When NBC's Today Show profiled Jared Isaacman in 2006, a reporter asked his father to name the biggest obstacle his son had faced in building his nationwide credit-card processing firm. The answer: "His inability to drive."

Isaacman, you see, was all of 16 when he founded United Bank Card Co. and started calling himself CEO. At the time, the staff consisted of just him and a few friends and corporate headquarters was his parents' basement. Assets were limited to $10,000 in stock certificates that he'd received from his grandfather.

But Isaacman wasn't worried. He'd dropped out of high school because he was certain he could transform the credit-card-processing industry. As it turns out, he was right.

Within a few years of UBC's launch, the company started showing up on Inc. magazine's annual list of the country's fastest-growing small businesses. Isaacman himself came in second (behind Facebook's Mark Zuckerberg) in the same magazine's ranking of America's 30 top entrepreneurs under age 30.

Now, a dozen years after its founding, UBC is among the largest payment processors in the U.S. It handles $10 billion in credit-card transactions a year; is adding 1,800 merchant customers per month; and, with more than 250 employees, has long since moved on from the Isaacman family basement to opulent corporate headquarters. Occupying a spacious corner office decorated with Darth Vader masks and a guitar signed by Bruce Springsteen is Isaacman, who at 27 still looks young enough to be the son of many of his employees.

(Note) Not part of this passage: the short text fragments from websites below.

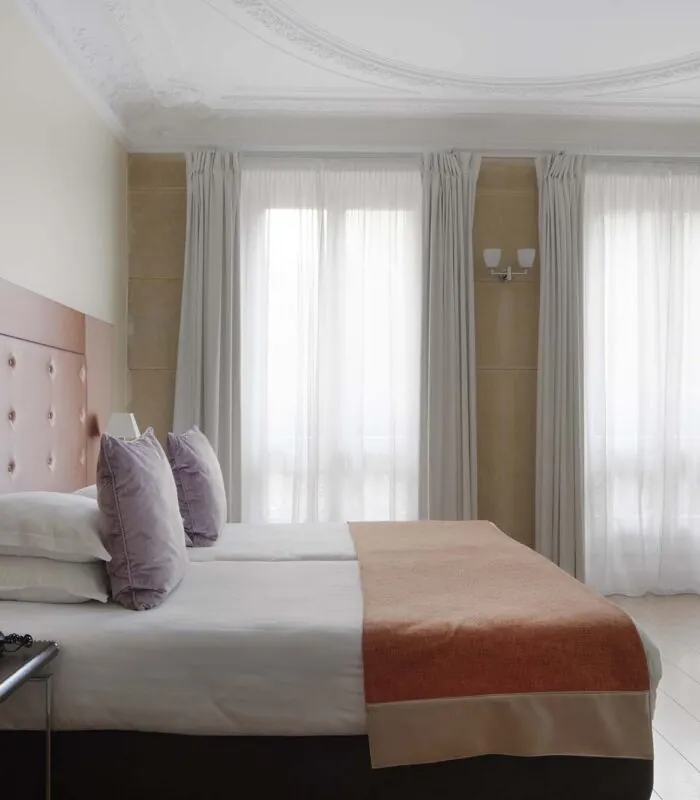 Chambre pour personnes à mobilité réduite à l’hôtel Le 123 Elysées avec deux lits et un bureau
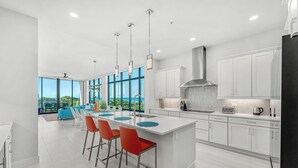 A modern kitchen with white cabinets, a large island with bar stools, and a view of the ocean through large windows. - Sunset Shores | Beachfront Condo w/ Premium Master, PVT Balcony & Upscale Decor (Melbourne Beach)
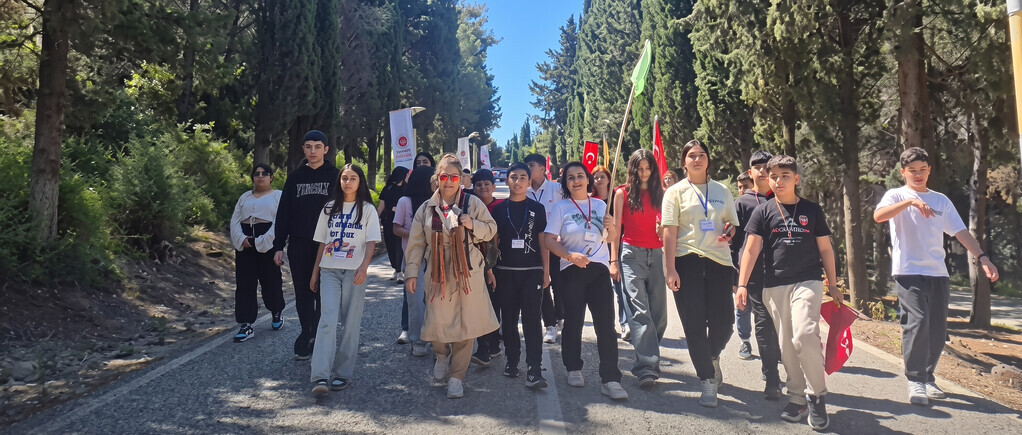 Çiğli Güzeltepe Ortaokulu öğrencileri ve öğretmenleri Çanakkale Şehitliği yolunda bayraklarla yürüyor.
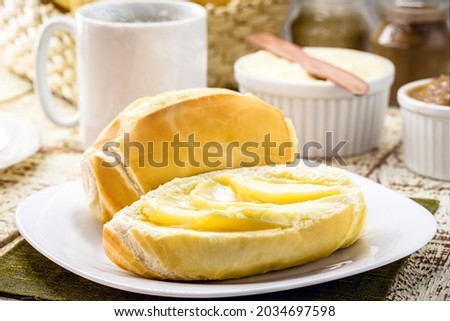 slice of salt bread cut with butter, called French bread in Brazil, Brazilian breakfast Royalty-Free Stock Photo #2034697598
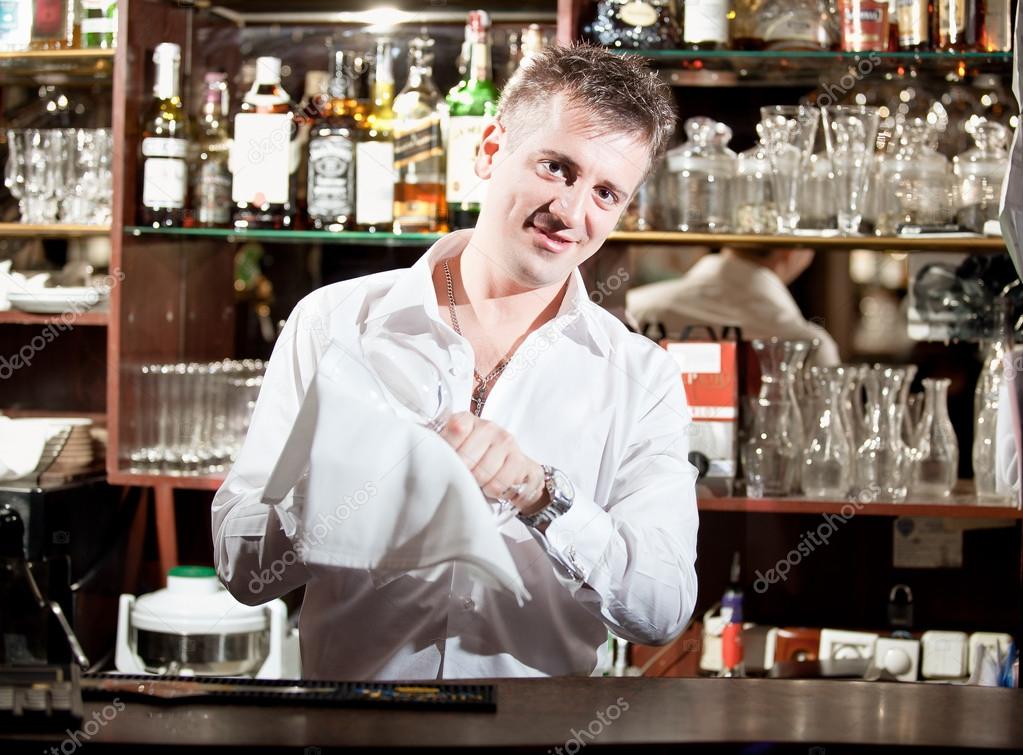 Barman cleaning glasses with white cloth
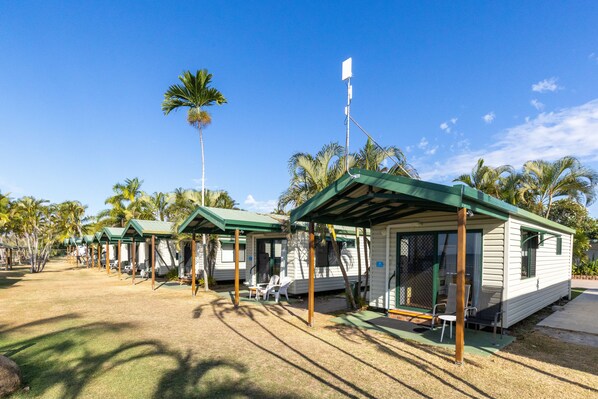 A row of small, single-story cabins with green roofs and open sides, surrounded by palm trees under a clear blue sky. - NRMA Bowen Beachfront Holiday Park (Bowen)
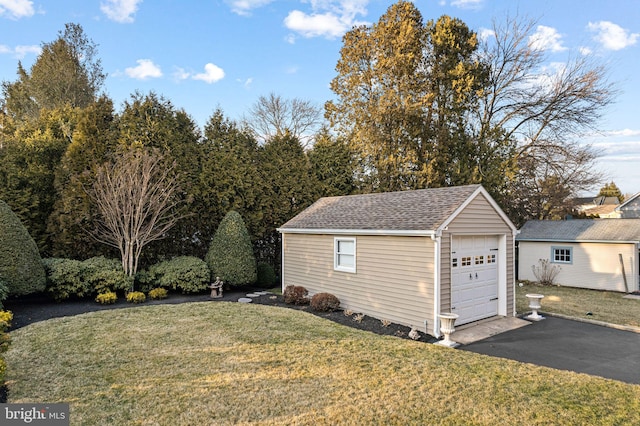 detached garage featuring driveway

In fact, he is the son of one of them: The office next to his belongs to his father, who joined the firm within weeks of its founding, having recently been laid off from his job as an alarm salesman. Don Isaacman—who has said he was within a year of losing his house when his son started UBC—has credited his offspring with saving the family and giving him a second lease on life.

It's an incredible story, but Isaacman's teenage business success is just part of it because that apparently wasn't enough to challenge him. So in 2005, at age 22, he took flying lessons—and then he took flying about as far as he has taken his company.

In addition to transporting himself around on business in his own Cessna III (650) and a Beechcraft Baron, he has made two round-the-world trips to raise money for the Make-a-Wish Foundation, the second in record-breaking time. He also became part owner of 26 North Aviation, an aircraft charter, leasing, and management firm. And he has bought more than a dozen old military fighter jets, which he's having restored.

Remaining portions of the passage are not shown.